# Chief of Police William T. (Bill) Bauer



## kwflatbed (Dec 29, 2004)

Chief of Police William T. (Bill) Bauer

*Wyoming Police Department
Illinois*
End of Watch: Friday, August 6, 2010
Biographical Info
*Age:* 36
*Tour of Duty:* Not available
*Badge Number:* Not available
Incident Details
*Cause of Death:* Automobile accident
*Date of Incident:* Friday, August 6, 2010
*Weapon Used:* Not available
*Suspect Info:* Not available
Chief Bill Bauer was killed in an automobile accident at the intersection of County Road 250 East and Camp Grove Road in Marshall County.

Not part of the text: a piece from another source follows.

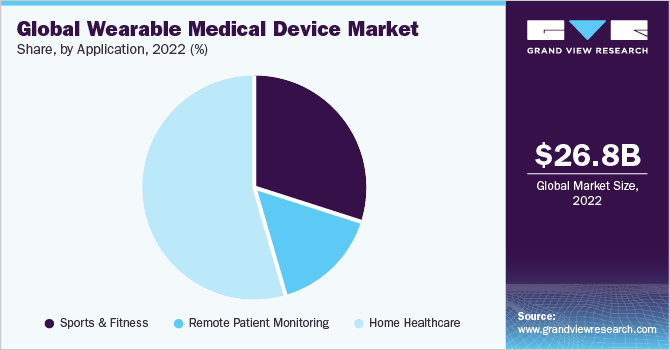 Global wearable medical device market share, by application, 2019 (%)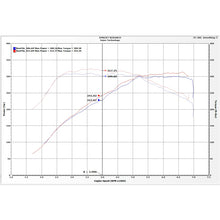 Load image into Gallery viewer, 16-19-Bmw-340-440-M140-M240-IIx-3.0T-(B58)-Evolution-Intake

He was en route to the Illinois Valley Crime Commission executive board's luncheon in Hennepin when another vehicle pulled into his path, causing a collision.
Agency Contact Information
Wyoming Police Department
108 E Williams Street
Wyoming, IL 61491

Phone: (309) 286-6090

_*Please contact the Wyoming Police Department for funeral arrangements or for survivor benefit fund information.*_


----------



## cc3915 (Mar 26, 2004)

Rest in Peace Chief Bauer


----------



## Jrpatriot (Jun 5, 2010)

RIP Chief Bauer


----------



## DEI8 (Jan 20, 2006)

Rest in Peace Chief


----------



## SPINMASS (Jan 30, 2004)

RIP Chief


----------